Today the awareness that environmental resources are valuable is spreading. The process for raising beef places a burden on grain and water supplies. An environmentally friendly solution to losing resources to larger animal production is producing rabbit meat. The environmental impact from raising rabbits is low. The period from conception to harvesting maturity is only three months, and the amount of food they eat is minimal when compared to other animals. The USDA regulates the meat. Some antibiotics are used, but the animals are tested for residues. No hormones are administered.

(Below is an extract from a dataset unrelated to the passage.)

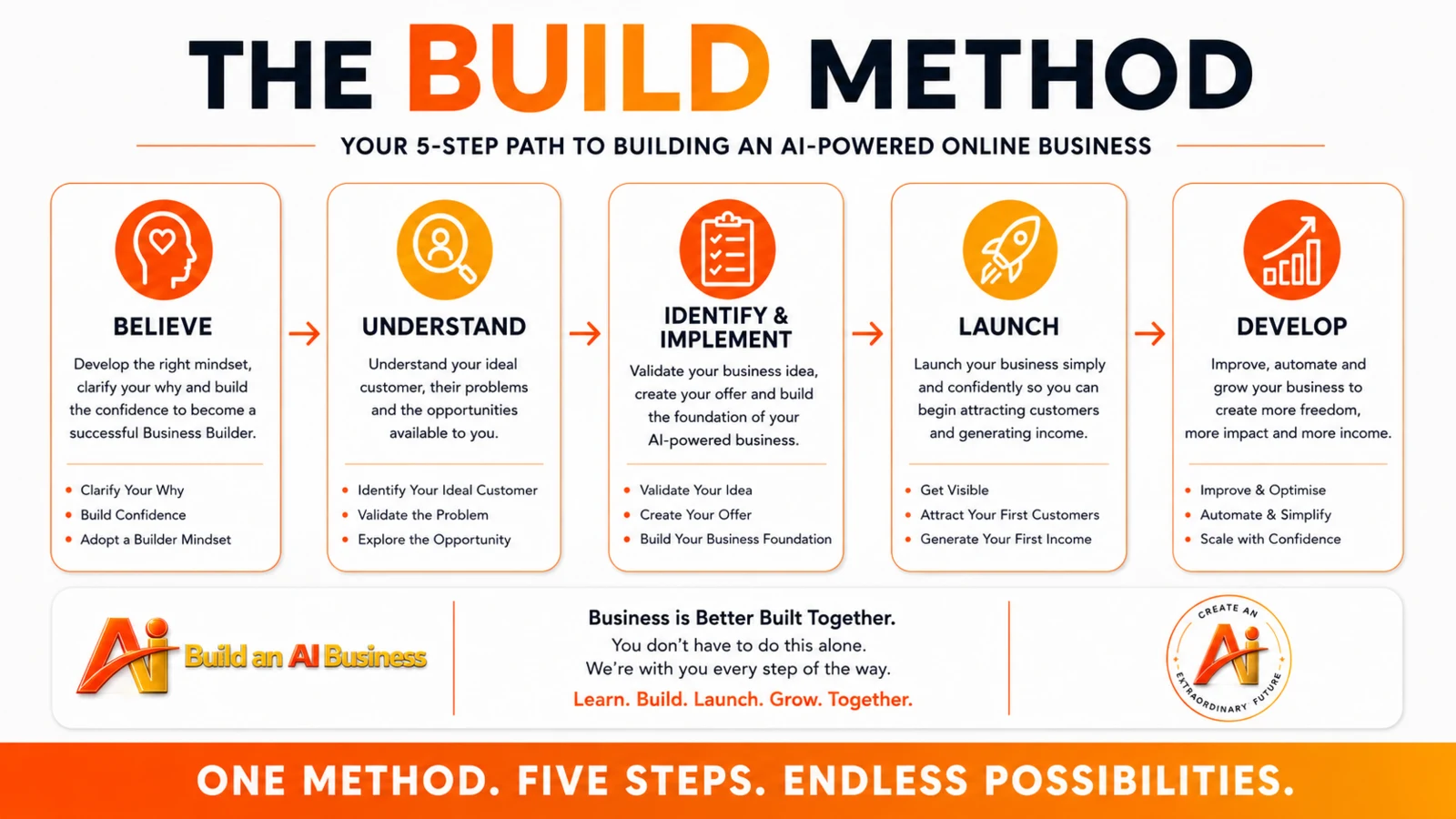 The BUILD Method: Believe, Understand, Identify and Implement, Launch, Develop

Versatile Culinary Ingredient
The meat from a young rabbit is white and tender, with a mild flavor. A young rabbit, or a fryer, weighs between 1.5 and 3.5 lbs. and is about 3 months old. Chefs use the meat similarly to the meat of young chickens. Rabbit steaks and chops are served with pasta, rice and sauces. The meat from a mature rabbit is darker and firm, with a stronger flavor. A mature rabbit typically weighs more than 4 lbs. and is about 8 months old. The meat from older rabbits requires a longer cooking time and is generally used in ways similar to tougher cuts of beef. The meat adds protein to casseroles, meat pies and stir-fry dishes.
Safe to Eat
The USDA regulates rabbit meat with a grading system similar to that applied to poultry processing. The Food Safety and Inspection Service inspects and approves the rabbit meat. After the meat is approved, a grade is applied to it based on its texture and quality. The grades for rabbit meat, in descending order of quality, are grade A, grade B and grade C.